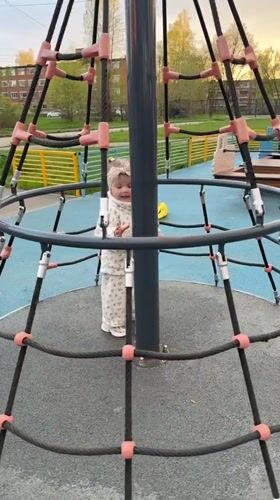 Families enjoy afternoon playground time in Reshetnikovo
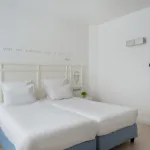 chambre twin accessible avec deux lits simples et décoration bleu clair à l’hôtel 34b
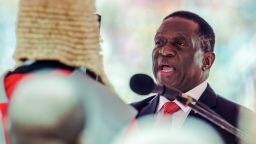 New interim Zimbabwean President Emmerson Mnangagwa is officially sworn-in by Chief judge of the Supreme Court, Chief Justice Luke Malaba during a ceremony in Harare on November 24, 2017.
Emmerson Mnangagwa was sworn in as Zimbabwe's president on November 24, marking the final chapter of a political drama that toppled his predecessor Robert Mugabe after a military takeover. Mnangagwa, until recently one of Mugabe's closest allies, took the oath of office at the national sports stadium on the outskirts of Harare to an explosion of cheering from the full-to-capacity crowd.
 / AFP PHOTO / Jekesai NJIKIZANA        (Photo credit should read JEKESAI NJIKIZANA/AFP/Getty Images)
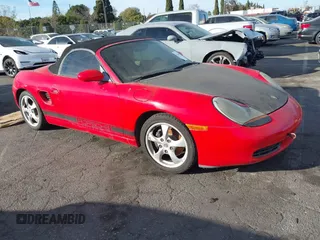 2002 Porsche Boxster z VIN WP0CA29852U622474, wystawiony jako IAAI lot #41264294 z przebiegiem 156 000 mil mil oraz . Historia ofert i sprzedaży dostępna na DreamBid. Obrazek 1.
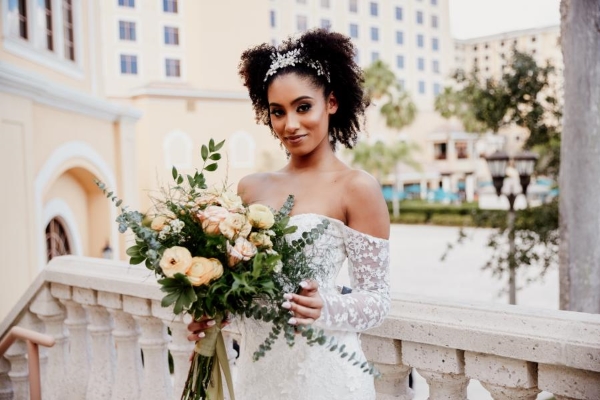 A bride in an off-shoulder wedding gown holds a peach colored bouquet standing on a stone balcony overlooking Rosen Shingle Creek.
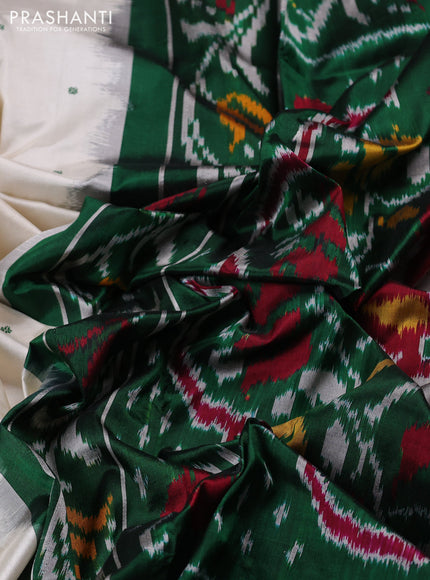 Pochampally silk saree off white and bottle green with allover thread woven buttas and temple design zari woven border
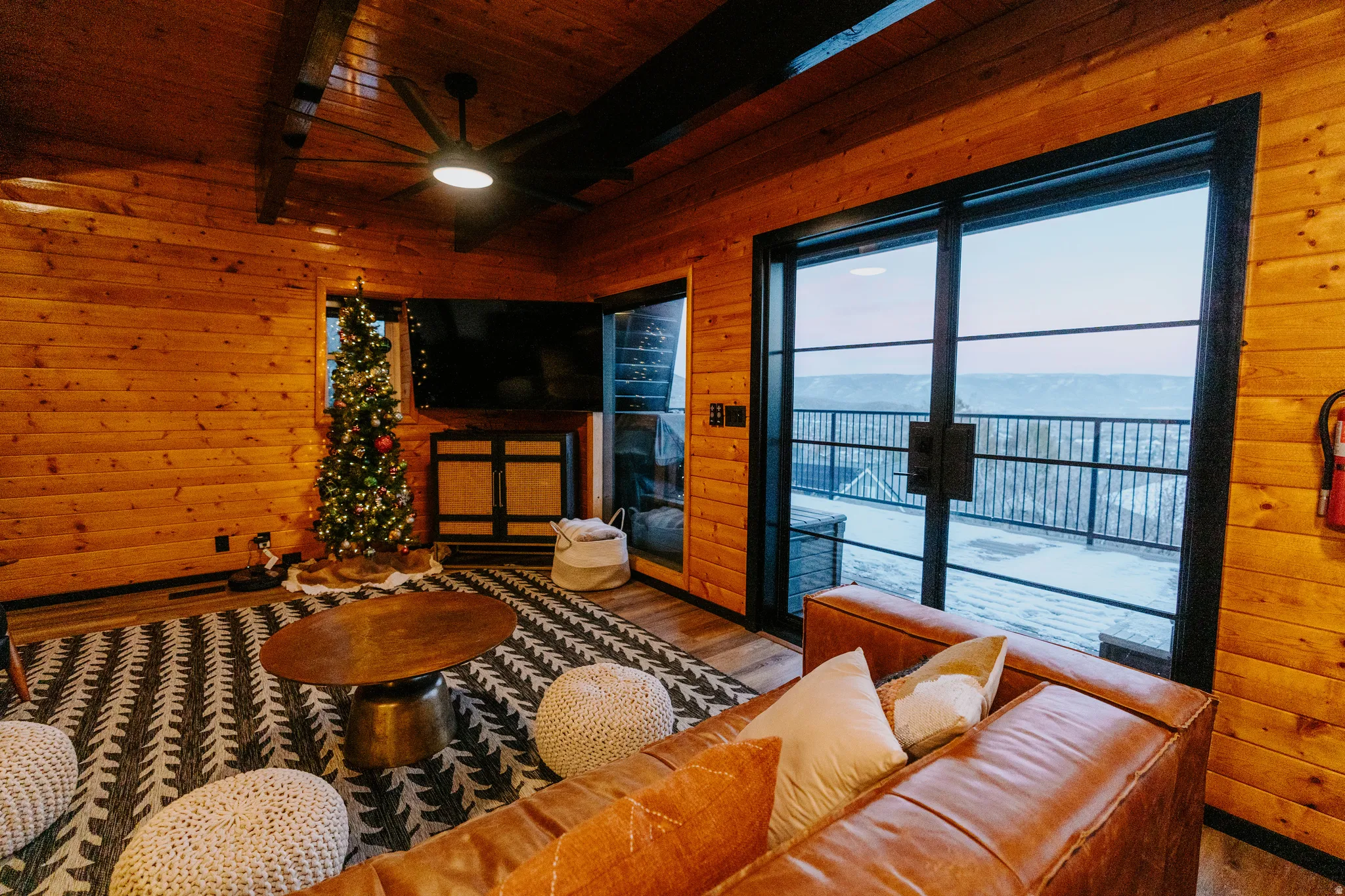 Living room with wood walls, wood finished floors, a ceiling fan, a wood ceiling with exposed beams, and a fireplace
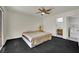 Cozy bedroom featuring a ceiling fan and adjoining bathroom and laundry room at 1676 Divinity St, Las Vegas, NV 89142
┄┄┄┄┄┄
◆ EXERCISE PROMPT
In your copy, repeat the records above exactly and include no images.

◆ EXERCISE RESULT
 Families enjoy afternoon playground time in Reshetnikovo
 chambre twin accessible avec deux lits simples et décoration bleu clair à l’hôtel 34b
 New interim Zimbabwean President Emmerson Mnangagwa is officially sworn-in by Chief judge of the Supreme Court, Chief Justice Luke Malaba during a ceremony in Harare on November 24, 2017.
Emmerson Mnangagwa was sworn in as Zimbabwe's president on November 24, marking the final chapter of a political drama that toppled his predecessor Robert Mugabe after a military takeover. Mnangagwa, until recently one of Mugabe's closest allies, took the oath of office at the national sports stadium on the outskirts of Harare to an explosion of cheering from the full-to-capacity crowd.
 / AFP PHOTO / Jekesai NJIKIZANA        (Photo credit should read JEKESAI NJIKIZANA/AFP/Getty Images)
 2002 Porsche Boxster z VIN WP0CA29852U622474, wystawiony jako IAAI lot #41264294 z przebiegiem 156 000 mil mil oraz . Historia ofert i sprzedaży dostępna na DreamBid. Obrazek 1.
 A bride in an off-shoulder wedding gown holds a peach colored bouquet standing on a stone balcony overlooking Rosen Shingle Creek.
 Pochampally silk saree off white and bottle green with allover thread woven buttas and temple design zari woven border
 Living room with wood walls, wood finished floors, a ceiling fan, a wood ceiling with exposed beams, and a fireplace
 Cozy bedroom featuring a ceiling fan and adjoining bathroom and laundry room at 1676 Divinity St, Las Vegas, NV 89142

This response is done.